Que ce soit le chant d’une lampe ou bien la voix de la tempête, que ce soit le souffle du soir ou le gémissement de la mer, qui t’environne-toujours veille derrière toi une ample mélodie, tissée de mille voix, dans laquelle ton solo n’a sa place que de temps à autre. Savoir à quel moment c’est à toi d’attaquer, voilà le secret de ta solitude : tout comme l’art du vrai commerce c’est : de la hauteur des mots se laisser choir dans la mélodie une et commune.

XVII

Si les saints de Marco Basaiti avaient quelque chose à se confier hors de leur bienheureuse proximité, ils ne se tendraient pas leurs mains fines, légères, à l’avant du tableau dans lequel ils habitent.

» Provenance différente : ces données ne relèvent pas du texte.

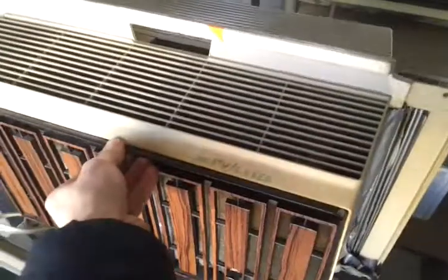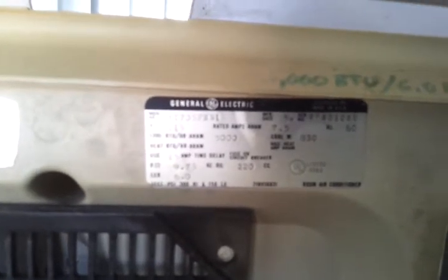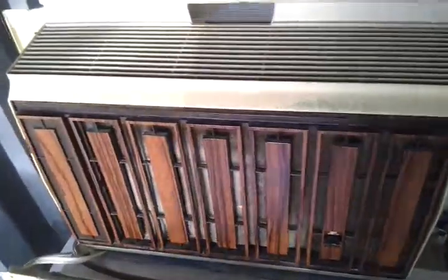Let's take a look at the nameplate — get the cover off. The filter is dirty, need to get that cleaned up. Model number: 87-05-F. One hundred fifteen volts, five thousand BTU, EER 6, cooling watts 830. Amps: 7.5 amps. Manufactured August of 1975.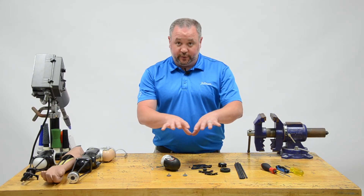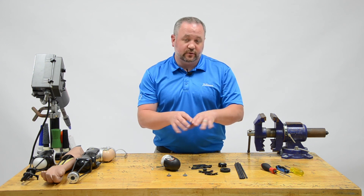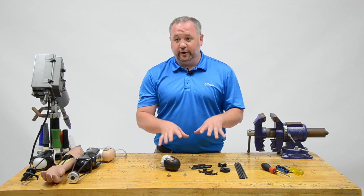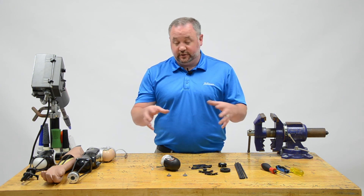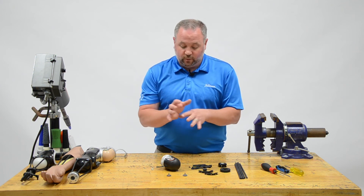What we're going to do today is put together a Nexo Transhumeral Forearm. I'm going to show you how to put it on, how to adjust it, so we'll have a general idea of how to put this thing together. It's quite simple.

Ils s’effaceraient vers le fond, deviendraient tout petits et iraient par les ponts minuscules se retrouver au fond de la campagne à l’écoute.

XVIII

Nous sommes en avant tout à fait comme cela. De bénisseuses nostalgies. C’est au loin, dans les fonds éclatants, qu’ont lieu nos épanouissements. C’est là que sont mouvement, volonté. C’est là que se situent les histoires dont nous sommes des titres obscurs. C’est là qu’ont lieu nos accords, nos adieux, consolation et deuil. C’est là que nous sommes, alors qu’au premier plan, nous allons et venons.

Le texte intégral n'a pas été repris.